Aims: To prospectively compare the efficacy and safety of pressure topical anaesthesia in punctal occlusion by using cautery in the treatment of dry eye syndrome (DES) with that of conventional treatment by using needle injection of anaesthetic agents.
Methods: In a randomised controlled trial, 18 consecutive adult patients with DES requiring punctal occlusion were recruited over a 10 month period. Consenting patients were randomised into two groups. Group A patients received pressure topical anaesthesia in the right eye followed by injection anaesthesia in the left eye. Group B was vice versa. Punctal occlusion using cautery was performed in each eye after a specified time following the application of anaesthesia. The main outcome measures were the pain experienced during application of anaesthesia and that during punctal occlusion.

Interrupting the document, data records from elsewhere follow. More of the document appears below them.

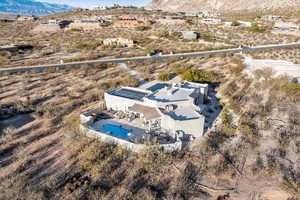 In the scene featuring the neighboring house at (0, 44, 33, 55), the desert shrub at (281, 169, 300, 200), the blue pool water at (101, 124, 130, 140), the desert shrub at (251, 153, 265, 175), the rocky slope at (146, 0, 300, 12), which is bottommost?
the desert shrub at (281, 169, 300, 200)

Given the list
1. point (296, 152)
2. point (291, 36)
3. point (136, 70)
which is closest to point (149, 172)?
point (296, 152)

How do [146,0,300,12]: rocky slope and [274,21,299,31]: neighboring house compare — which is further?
[146,0,300,12]: rocky slope

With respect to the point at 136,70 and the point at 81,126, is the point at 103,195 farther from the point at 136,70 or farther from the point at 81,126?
the point at 136,70

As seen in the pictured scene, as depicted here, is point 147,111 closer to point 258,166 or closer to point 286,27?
point 258,166

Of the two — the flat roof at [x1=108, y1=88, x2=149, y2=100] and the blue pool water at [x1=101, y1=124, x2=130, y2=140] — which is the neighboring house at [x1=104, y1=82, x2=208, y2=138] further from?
the blue pool water at [x1=101, y1=124, x2=130, y2=140]

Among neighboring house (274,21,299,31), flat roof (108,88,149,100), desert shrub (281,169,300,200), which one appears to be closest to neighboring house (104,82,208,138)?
flat roof (108,88,149,100)

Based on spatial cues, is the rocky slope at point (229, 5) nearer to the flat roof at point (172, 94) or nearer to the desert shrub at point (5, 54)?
the flat roof at point (172, 94) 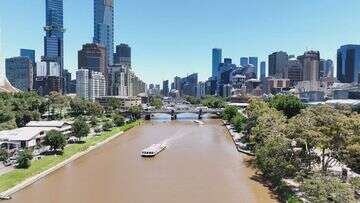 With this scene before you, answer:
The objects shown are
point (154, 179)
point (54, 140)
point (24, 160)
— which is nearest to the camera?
point (154, 179)

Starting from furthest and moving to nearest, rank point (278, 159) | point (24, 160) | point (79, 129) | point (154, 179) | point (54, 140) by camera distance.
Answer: point (79, 129) → point (54, 140) → point (24, 160) → point (154, 179) → point (278, 159)

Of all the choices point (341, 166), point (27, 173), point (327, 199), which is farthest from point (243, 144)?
point (327, 199)

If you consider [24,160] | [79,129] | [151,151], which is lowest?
[151,151]

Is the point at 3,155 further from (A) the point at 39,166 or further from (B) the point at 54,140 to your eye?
(B) the point at 54,140

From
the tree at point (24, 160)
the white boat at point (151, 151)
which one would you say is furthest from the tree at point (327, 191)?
the white boat at point (151, 151)

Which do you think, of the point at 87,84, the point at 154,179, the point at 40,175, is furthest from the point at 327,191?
the point at 87,84

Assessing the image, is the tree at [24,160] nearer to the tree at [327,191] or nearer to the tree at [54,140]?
the tree at [54,140]

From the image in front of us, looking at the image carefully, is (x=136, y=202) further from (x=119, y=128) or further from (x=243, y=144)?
(x=119, y=128) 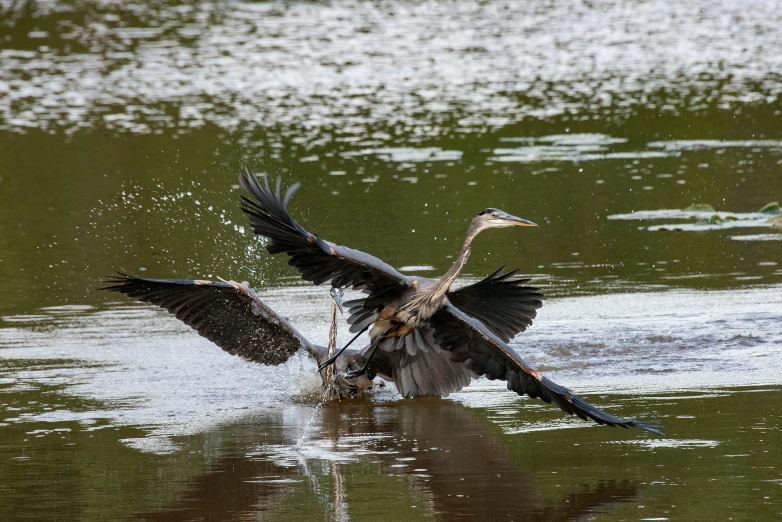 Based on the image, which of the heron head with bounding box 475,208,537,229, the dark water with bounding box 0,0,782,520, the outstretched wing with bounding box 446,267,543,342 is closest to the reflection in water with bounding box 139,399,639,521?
the dark water with bounding box 0,0,782,520

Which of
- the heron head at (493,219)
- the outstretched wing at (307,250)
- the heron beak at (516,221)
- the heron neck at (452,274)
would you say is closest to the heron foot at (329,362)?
the outstretched wing at (307,250)

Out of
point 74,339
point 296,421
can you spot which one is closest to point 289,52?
point 74,339

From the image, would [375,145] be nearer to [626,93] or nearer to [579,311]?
[626,93]

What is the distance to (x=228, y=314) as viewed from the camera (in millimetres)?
9875

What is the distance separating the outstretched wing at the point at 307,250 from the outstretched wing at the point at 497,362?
43 cm

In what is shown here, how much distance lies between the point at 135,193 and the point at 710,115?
9735 mm

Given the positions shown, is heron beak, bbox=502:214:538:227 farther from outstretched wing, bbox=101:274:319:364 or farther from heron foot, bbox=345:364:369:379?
outstretched wing, bbox=101:274:319:364

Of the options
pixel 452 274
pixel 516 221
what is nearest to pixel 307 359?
pixel 452 274

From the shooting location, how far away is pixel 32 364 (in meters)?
10.5

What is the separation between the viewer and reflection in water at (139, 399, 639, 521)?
693 cm

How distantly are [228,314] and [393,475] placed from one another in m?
2.72

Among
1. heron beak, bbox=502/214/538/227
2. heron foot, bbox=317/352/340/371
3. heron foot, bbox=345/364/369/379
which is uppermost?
heron beak, bbox=502/214/538/227

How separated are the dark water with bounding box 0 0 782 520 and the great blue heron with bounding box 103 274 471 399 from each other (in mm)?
207

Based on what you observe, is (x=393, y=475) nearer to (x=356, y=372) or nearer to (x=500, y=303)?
(x=356, y=372) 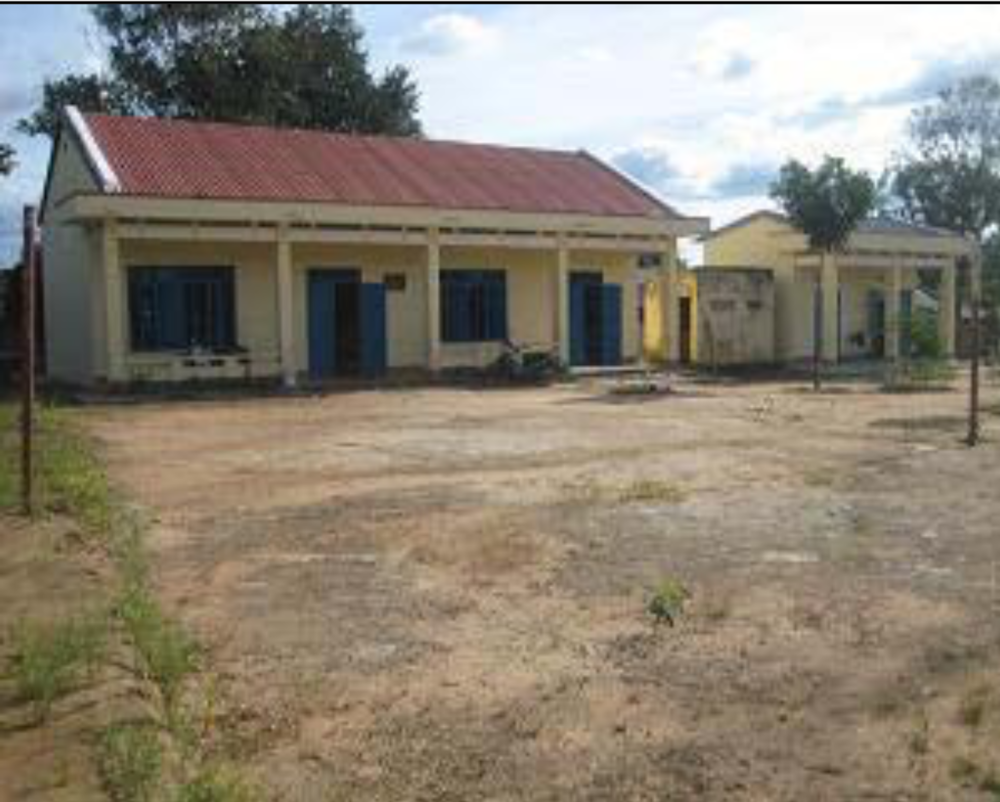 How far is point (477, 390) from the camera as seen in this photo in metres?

Results: 36 eyes of 18 patients were randomised to receive injection anaesthesia in one eye and pressure topical anaesthesia in the other. Nine patients (nine females) were in group A and nine patients (seven females, two males) in group B. The mean age of group A patients was 45.3 (SD 13.5) years, and that of group B patients was 55.6 (12.6) years. The two groups were comparable in terms of mean age (p = 0.117) and mean pain score for pressure topical anaesthesia application (p = 0.612), injection anaesthesia application (p = 0.454), diathermy in pressure anaesthetised eyes (p = 0.113), and diathermy in injection anaesthetised eyes (p = 0.289). Paired t test was used to compare the mean pain score for pressure topical anaesthesia application (16.8 (24.8)) with those for injection anaesthesia application (56.7 (30.0)). 18 eyes of 18 patients were compared with the fellow eye of the same 18 patients. The mean pain score for injection anaesthesia was greater than for pressure topical anaesthesia application (p<0.0001) (statistical power = 0.87). No statistically significant difference was found in the mean pain score for diathermy for eyes that received pressure topical anaesthesia (20.5 (27.5)) compared with eyes that received injection anaesthesia (23.1 (26.3)) (p = 0.760) (statistical power = 0.96). All 18 patients preferred pressure topical anaesthesia to injection anaesthesia.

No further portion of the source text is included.